_RECORD EXCERPTS_
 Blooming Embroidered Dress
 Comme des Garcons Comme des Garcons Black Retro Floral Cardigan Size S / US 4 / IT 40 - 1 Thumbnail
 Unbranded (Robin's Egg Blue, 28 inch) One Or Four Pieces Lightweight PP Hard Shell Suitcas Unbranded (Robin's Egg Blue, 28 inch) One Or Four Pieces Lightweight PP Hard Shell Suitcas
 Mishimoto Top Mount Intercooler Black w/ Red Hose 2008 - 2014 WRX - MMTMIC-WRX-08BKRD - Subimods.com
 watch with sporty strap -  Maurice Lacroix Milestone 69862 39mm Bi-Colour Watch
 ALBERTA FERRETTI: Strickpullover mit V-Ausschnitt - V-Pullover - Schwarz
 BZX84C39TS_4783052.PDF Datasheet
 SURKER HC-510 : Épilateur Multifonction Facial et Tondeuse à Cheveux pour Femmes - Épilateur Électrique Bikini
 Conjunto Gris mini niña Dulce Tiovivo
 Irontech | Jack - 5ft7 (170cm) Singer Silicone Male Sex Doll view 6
==
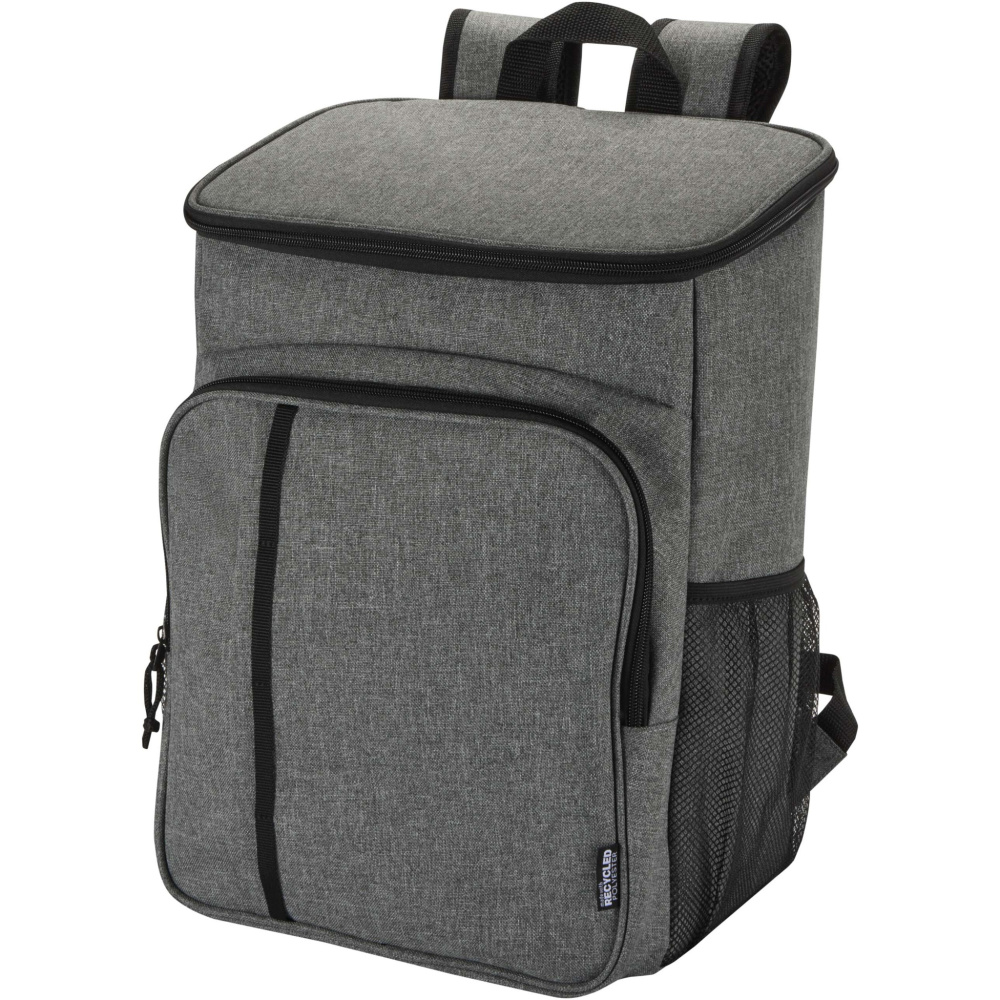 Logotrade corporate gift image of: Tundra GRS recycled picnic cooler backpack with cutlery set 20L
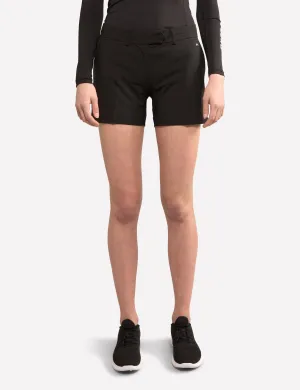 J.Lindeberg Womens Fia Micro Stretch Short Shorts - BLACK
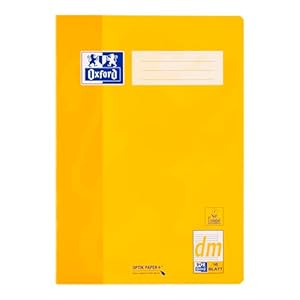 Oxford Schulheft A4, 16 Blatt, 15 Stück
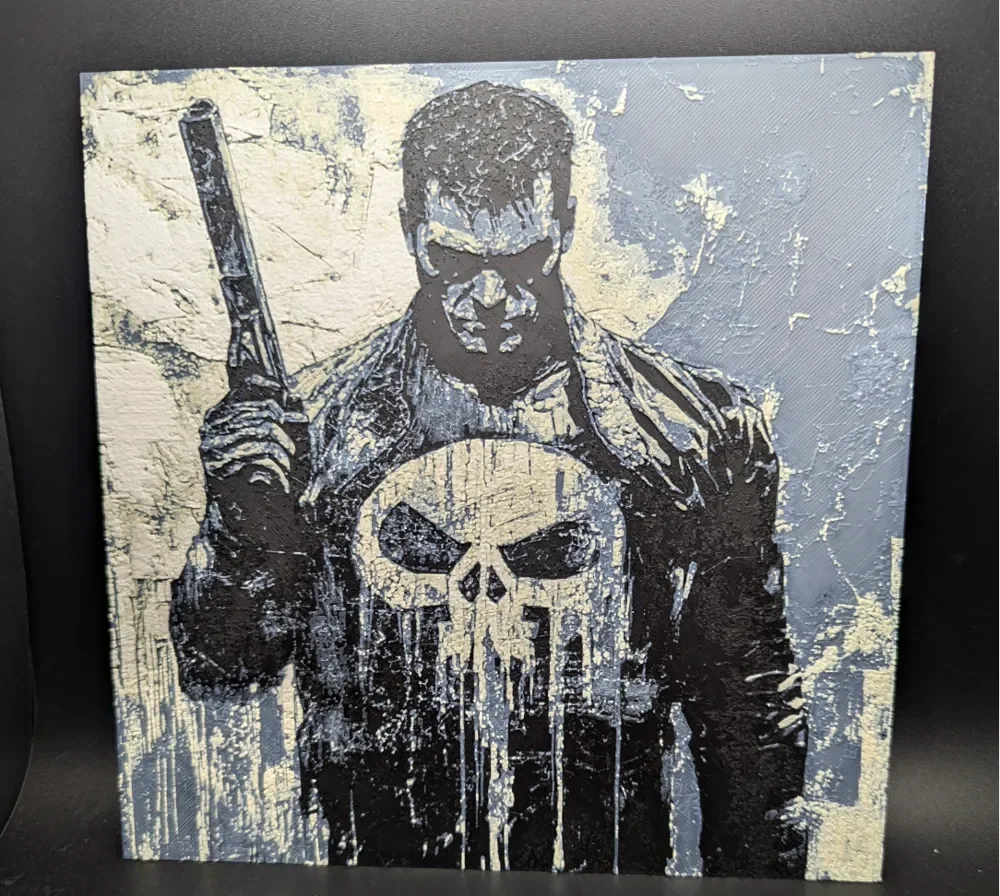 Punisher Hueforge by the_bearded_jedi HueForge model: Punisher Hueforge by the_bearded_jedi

_DIRECTIONS_
Everything above from the line containing "J.Lindeberg Womens Fia" through the line containing "Punisher Hueforge by the_bearded_jedi HueForge" must be repeated exactly, and the pictures must be left out.

_RESULT_
 J.Lindeberg Womens Fia Micro Stretch Short Shorts - BLACK
 Oxford Schulheft A4, 16 Blatt, 15 Stück
 Punisher Hueforge by the_bearded_jedi HueForge model: Punisher Hueforge by the_bearded_jedi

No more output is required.